GroupNoIDFirstNameLastName (for eg:Column Name=Gr1234AdamSmith,Gr2567DavidBlake.......)

where Gr1, Gr2 = GroupNo; 234, 567 = ID; AdamSmith, DavidBlake = FirstNameLastName

I would like to rename all 500 columns to display their first and Last name Only.

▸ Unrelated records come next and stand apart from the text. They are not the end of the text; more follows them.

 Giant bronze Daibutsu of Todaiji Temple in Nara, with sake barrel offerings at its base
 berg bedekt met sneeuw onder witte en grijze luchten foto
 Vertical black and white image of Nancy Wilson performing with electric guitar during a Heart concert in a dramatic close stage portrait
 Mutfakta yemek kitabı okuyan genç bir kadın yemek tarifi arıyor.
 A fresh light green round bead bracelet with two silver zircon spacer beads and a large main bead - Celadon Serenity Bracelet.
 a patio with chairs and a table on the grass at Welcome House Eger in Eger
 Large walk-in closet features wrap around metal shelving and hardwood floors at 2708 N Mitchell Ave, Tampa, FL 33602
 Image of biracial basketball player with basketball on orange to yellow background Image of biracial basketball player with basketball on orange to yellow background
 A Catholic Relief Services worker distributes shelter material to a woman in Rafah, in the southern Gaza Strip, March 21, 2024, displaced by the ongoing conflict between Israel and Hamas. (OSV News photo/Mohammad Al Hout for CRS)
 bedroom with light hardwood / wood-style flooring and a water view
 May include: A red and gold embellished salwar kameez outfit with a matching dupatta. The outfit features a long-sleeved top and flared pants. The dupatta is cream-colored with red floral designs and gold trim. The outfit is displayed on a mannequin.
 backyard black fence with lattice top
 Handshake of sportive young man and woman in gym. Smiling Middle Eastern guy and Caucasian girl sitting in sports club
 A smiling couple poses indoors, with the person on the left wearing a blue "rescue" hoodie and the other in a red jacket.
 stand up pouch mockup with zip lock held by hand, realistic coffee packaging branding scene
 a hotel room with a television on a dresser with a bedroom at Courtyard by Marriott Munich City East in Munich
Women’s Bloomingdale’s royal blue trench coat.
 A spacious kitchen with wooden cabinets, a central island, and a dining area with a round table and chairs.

similar to Adam Smith, David Blake

How would I be able to do this?

Thanks you so much for your help.

2 Answers2

1

Strip the group first by list slice [6:], then from How to do CamelCase split in python, you can split first and last name, then user ' '.join() to get what you want:

import re
def camel_case_split(identifier):
    matches = re.finditer('.+?(?:(?<=[a-z])(?=[A-Z])|(?<=[A-Z])(?=[A-Z][a-z])|$)', identifier)
    return [m.group(0) for m in matches]

#rename (reassign)
df.columns = df.columns.map(lambda x: ' '.join(camel_case_split(x[6:])))
SCKU
  • 783
  • 9
  • 14
0

You can use the rename method of Pandas

import re

def get_first_last(string):
    # 1. Get the last item of split on number of group and ID with regex -> ['Gr', 'AdamSmith']
    fullname = re.split(r'[0-9]+', string)[-1]
    # 2. Match the consecutive camelCase characters and add space between them
    first_last = re.sub(r'([a-z])([A-Z])', '\g<1> \g<2>', fullname)
    return first_last
   
# Get first and lastname for each column in dataframe and rename columns inplace
df.rename(columns={c: get_first_last(c) for c in df.columns}, inplace=True)
chatax
  • 990
  • 3
  • 17